He knows I'm turned-off by his fat, but I want to make it clear: I still tell him REGULARLY that I love him & that I'm willing to help him get through this. Just because I don't find him physically attractive doesn't mean I don't love him. So he knows that. That's not the problem. Personally, I can't think of any better motivation to lose weight than to be attractive again to your spouse! The only rewards that seem to work for him are food rewards, like having cake or fast food once or twice a week, but that totally counteracts all the healthy eating & exercise we're trying to get him to do consistently.

Also, he knows junk food is not allowed. We're not just trying to get him to lose weight, but we're also trying to make him healthier so that he has the healthiest sperm when we're ready to conceive. I'm a nutrition educator & love to cook, so I make everything from scratch at home. The good thing is that he loves my cooking. I just think he's eating behind my back still, too. I'm going to recommend he go see a counsellor or therapist because I think he has a food addiction.


----------



## notmyrealname4 (Apr 9, 2014)

@lHde90j

Working out 60-90 minutes, 4-5 times a week, along with reducing the amount of food eaten; will result in weight loss.

I would guess that he is walking on the treadmill at 2 m.p.h., for 30 minutes; then going for a fast food run.

And although you don't necessarily have the best sex life in your 20's; I would say that most people do. Or, it was good in a way that it can never be good again. Lots of erections for a (healthy) guy, *you* get wet really easy (or are almost always wet naturally). When you're in your 20's; that is the best looking that you are ever going to be.

A person *might* lose weight in your 30's or 40's and look great. That person would have looked even greater in their 20's. There's no substitute for youth.

Your energy levels, physical flexibility, sense of adventure---yes, those things _can_ increase with age----but probably not.


I say these things to you to prevent you from procrastinating; thinking that, "well sex gets better when you get older".

Not necessarily. By the time your husband gets to his mid/late 40's, he'll probably be dealing with some kind of ED due to aging. Your own body won't be "better" in your 40's or 50's---at the very best, you could maintain it, but never improve on it. And if you have kids, your body is going to change.

Take action now, if you want a good sex life.


----------



## anonmd (Oct 23, 2014)

lHde90j said:


> He knows I'm turned-off by his fat, but I want to make it clear: I still tell him REGULARLY that I love him & that I'm willing to help him get through this. Just because I don't find him physically attractive doesn't mean I don't love him. So he knows that. That's not the problem.
> 
> *Telling your spouse he is physically repulsive is a problem, sorry, it just is. *
> 
> ...


You sound a little controlling, it would be oppressive to me.


----------



## lHde90j (Aug 23, 2016)

anonmd said:


> You sound a little controlling, it would be oppressive to me.


I feel like I need to be the motivator because he seems to have no motivation of his own, only when I continually bring up what needs to be done & what he needs to do. That's the only time he does anything good for his health.


----------



## lHde90j (Aug 23, 2016)

notmyrealname4 said:


> @lHde90j
> 
> Working out 60-90 minutes, 4-5 times a week, along with reducing the amount of food eaten; will result in weight loss.
> 
> ...


I don't know what other action I personally can take without controlling every single little thing my husband does (which yes, despite some comments, I do realise is bad & unhealthy for any relationship, particularly a marriage).


----------



## EleGirl (Dec 3, 2011)

lHde90j said:


> He doesn't looked like a drowned rat  but he does usually have red cheeks. Then again, I don't know how hard he's working out. I think I'll get a guest pass & go to the gym with him, even though he doesn't like exercising with me there.
> 
> No, we don't have kids. We planned on starting to try once he loses the weight.
> 
> ...


So food rewards motivate him. So help him with that.

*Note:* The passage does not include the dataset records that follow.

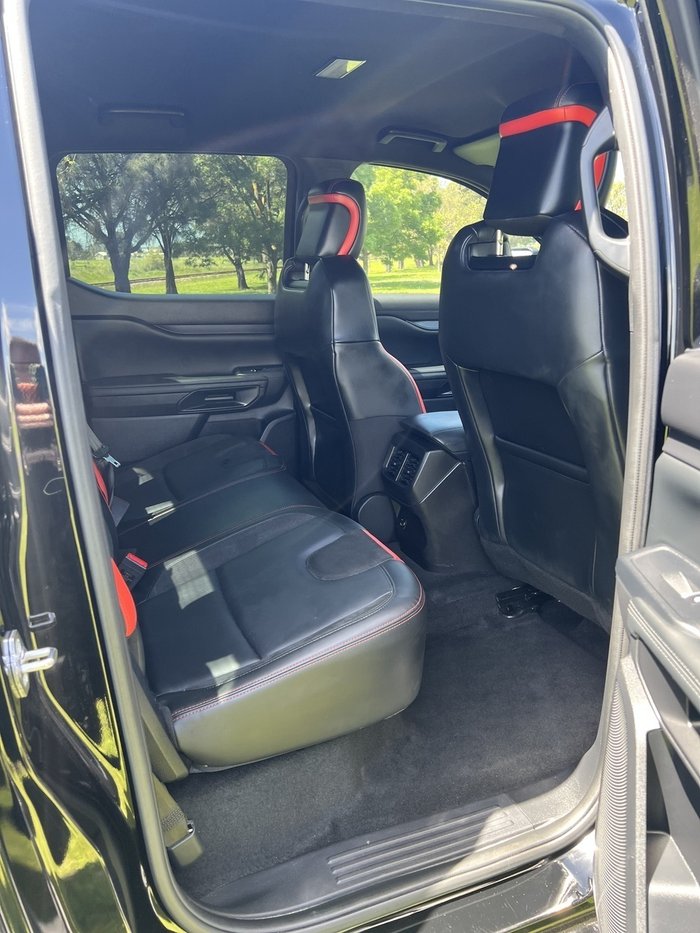 2023 Ford Ranger Raptor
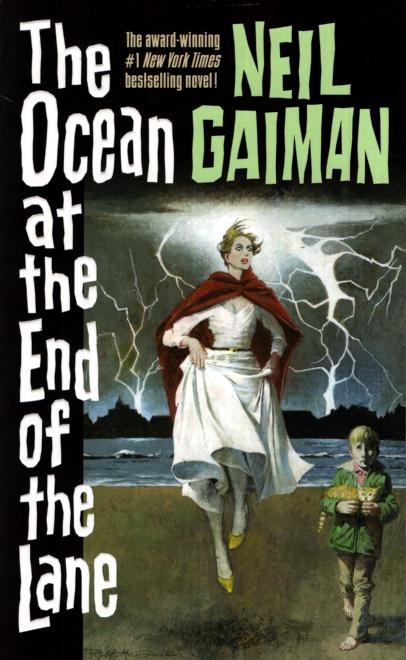 THE OCEAN AT THE END OF THE LANE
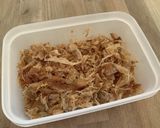 ダシを味わう！飲み干せるうどんつゆ作り方6写真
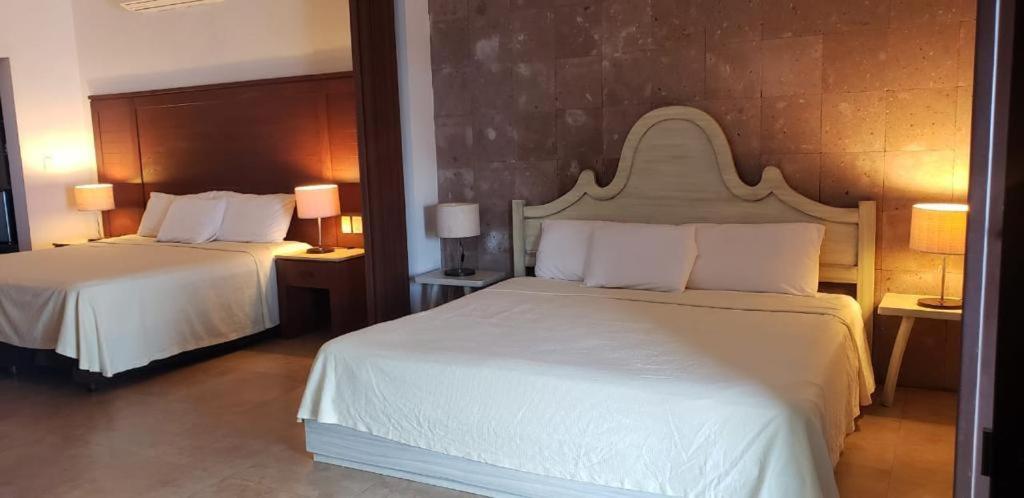 Casa Continental 3* Mérida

look at the keto diet and/or some kind of carb rotation diet. with carb rotation he can have some treats during the week. then make him low carb treats and even get him to make them.

For example you can make a great low carb cheese cake.

But with carb rotation is can have a piece of cake or two a week and still lose weight, just not half the cake.


----------



## Young at Heart (Jan 6, 2015)

lHde90j said:


> ....No, we don't have kids. We planned on starting to try once he loses the weight.
> 
> He knows I'm turned-off by his fat, but I want to make it clear: I still tell him REGULARLY that I love him & that I'm willing to help him get through this. *Just because I don't find him physically attractive doesn't mean I don't love him.*
> 
> .....*I'm going to recommend he go see a counsellor or therapist because I think he has a food addiction*.


First, hold of on the kids.

Actually not finding him physically attractive (you earlier implied repugnant), does mean you don't love him.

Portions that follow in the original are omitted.